Input data below:

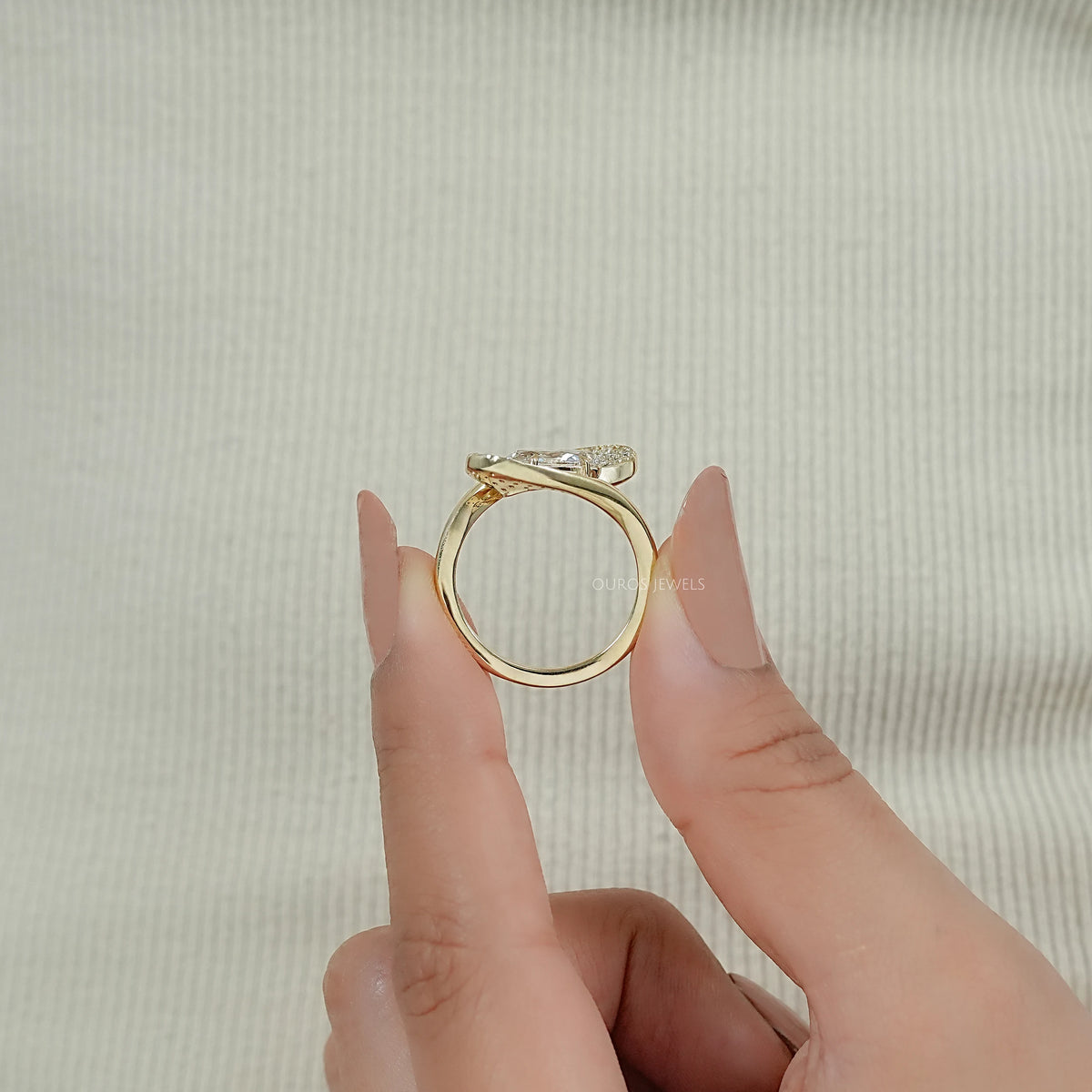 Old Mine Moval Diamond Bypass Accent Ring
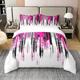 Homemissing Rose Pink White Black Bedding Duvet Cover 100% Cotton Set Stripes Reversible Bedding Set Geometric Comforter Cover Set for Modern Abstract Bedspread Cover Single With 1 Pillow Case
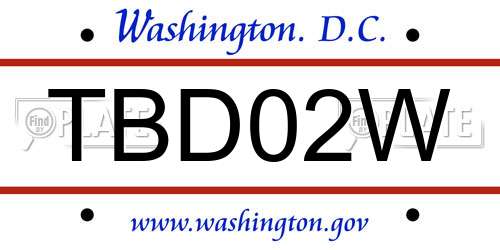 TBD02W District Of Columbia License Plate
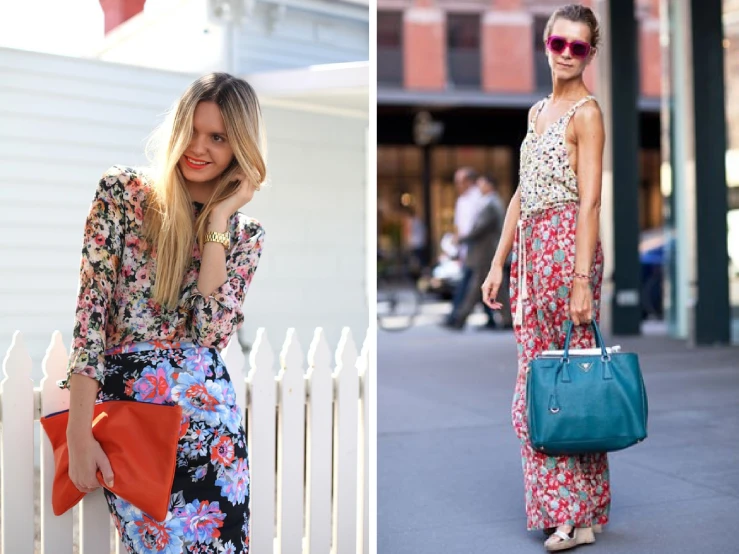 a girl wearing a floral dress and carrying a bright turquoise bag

End of Input data.

### What the task asks:
Repeat the data word for word, minus any pictures.

### Written response:
 Old Mine Moval Diamond Bypass Accent Ring
 Homemissing Rose Pink White Black Bedding Duvet Cover 100% Cotton Set Stripes Reversible Bedding Set Geometric Comforter Cover Set for Modern Abstract Bedspread Cover Single With 1 Pillow Case
 TBD02W District Of Columbia License Plate
 a girl wearing a floral dress and carrying a bright turquoise bag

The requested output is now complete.